Not bad for an hour of work.


----------



## novice (Feb 2, 2011)

That's a great looking maintenance building  Great job Ed.

Wanna do mine? J/k


----------



## Big Ed (Jun 16, 2009)

novice said:


> I've built a few of these kits for my HO set - I have the merchants row I & II
> 
> Yeah, the instructions are terrible - and the pics could use some work as well.
> 
> I didn't weather mine, but I did paint one of the models - came out terrible of course so I didn't bother painting the other.



What color did you paint it, what did you paint? Spray can?
Do you know how to properly spray paint?
Short bursts, swinging motion, proper distance & light coats.

Post a picture. It can't be that bad.

That shed was silver I only added the black wash.
I did it the unconventional way, with diluted Smoke Grime paint for locos.


----------



## novice (Feb 2, 2011)

> Post a picture. It can't be that bad


Wanna bet LOL

No, I didn't use a sprayer - don't have one. I used brushes and my hand shakes too much to do small detail 

I tried to do multiple colors - windows and sill white, fascia white, I tried to paint the brick work red but that looked like crap LOL.

I posted pics in my thread


----------



## Big Ed (Jun 16, 2009)

novice said:


> Wanna bet LOL
> 
> No, I didn't use a sprayer - don't have one. I used brushes and my hand shakes too much to do small detail
> 
> ...



Do you know they sell paint in spray cans now?:laugh:


----------



## novice (Feb 2, 2011)

big ed said:


> Do you know they sell paint in spray cans now?:laugh:


LOL - me and a spray can? HA HA HA - it would go everywhere but on the model lol


----------



## jzrouterman (Nov 27, 2010)

concretepumper said:


> Has anyone here done these kits?
> I'm not so good at weathering so I think I will go for a "Freshly constructed" look and finish.

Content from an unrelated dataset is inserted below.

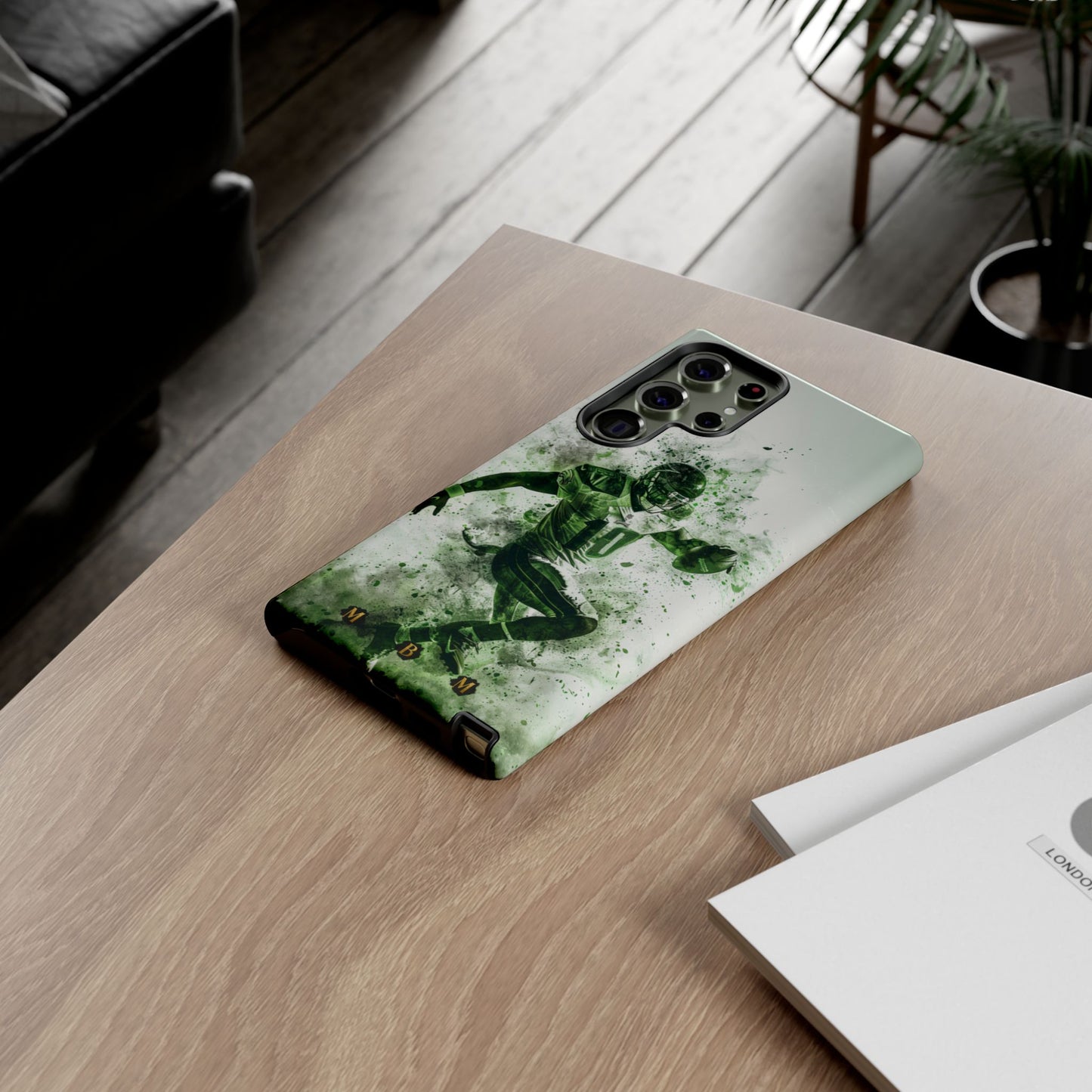 10 1st & 10 Samsung Galaxy S Tough Case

My wife built the New River Mining kit for me, as she's built all of the structures on our layout. We put several different type of coaling kits together to making one giant coaling complex. Her weathering method was basically magic with a couple of spraycans. The emphasis was on the look of a little bit of rust here and there and some coal dust. I'm in the process of installing it.

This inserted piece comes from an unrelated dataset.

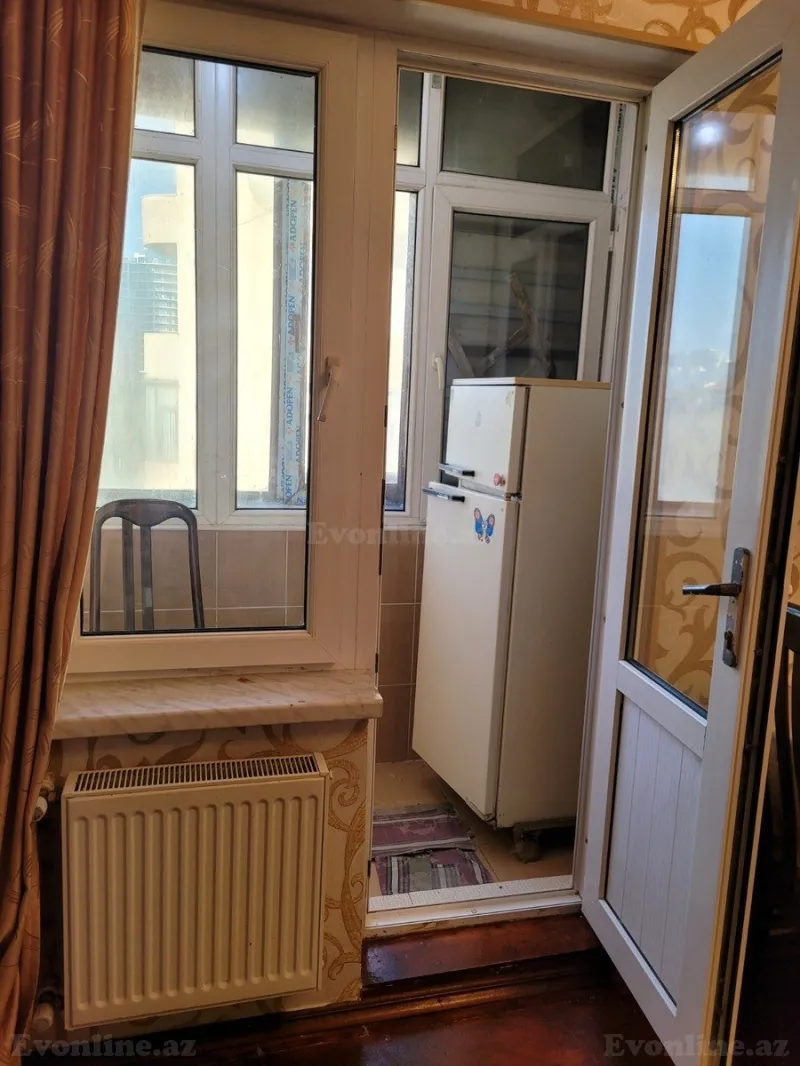 Kirayə verilir 2 otaqlı Mənzil Yeni tikili 58 m² Nizami m. - şəkil 8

She's now working on building a concrete redi-mix complex comprised of different kits from Walthers, Heljan and Lfelike along with a little bit of kitbashing. She said the easiest kits on the market to put together are usually those made by Lifelike, Woodland Scenics and Walthers. She said that Atlas was among the most difficult. A lot of times, we'll pick out a building and use it for something entirely different than what it was advertized as. It's basically just a matter of changing the signage. And with her excellent decaling skills, it's never been a problem. 

John


----------



## Big Ed (Jun 16, 2009)

jzrouterman said:


> My wife built the New River Mining kit for me, as she's built all of the structures on our layout. We put several different type of coaling kits together to making one giant coaling complex. Her weathering method was basically the spraycan. The emphasis was on a little bit of rust here and there and some coal dust. I'm in the process of installing it.
> 
> She's now working on building a concrete redi-mix complex comprised of different kits from Walthers, Heljan and Lfelike along with a little bit of kitbashing. She said the easiest kits on the market to put together are usually those made by Lifelike, Woodland Scenics and Walthers. She said that Atlas was among the most difficult. A lot of times, we'll pick out a building and use it for something entirely different than what it was advertized as. It's basically just a matter of changing the signage. And with her excellent decaling skills, it's never been a problem.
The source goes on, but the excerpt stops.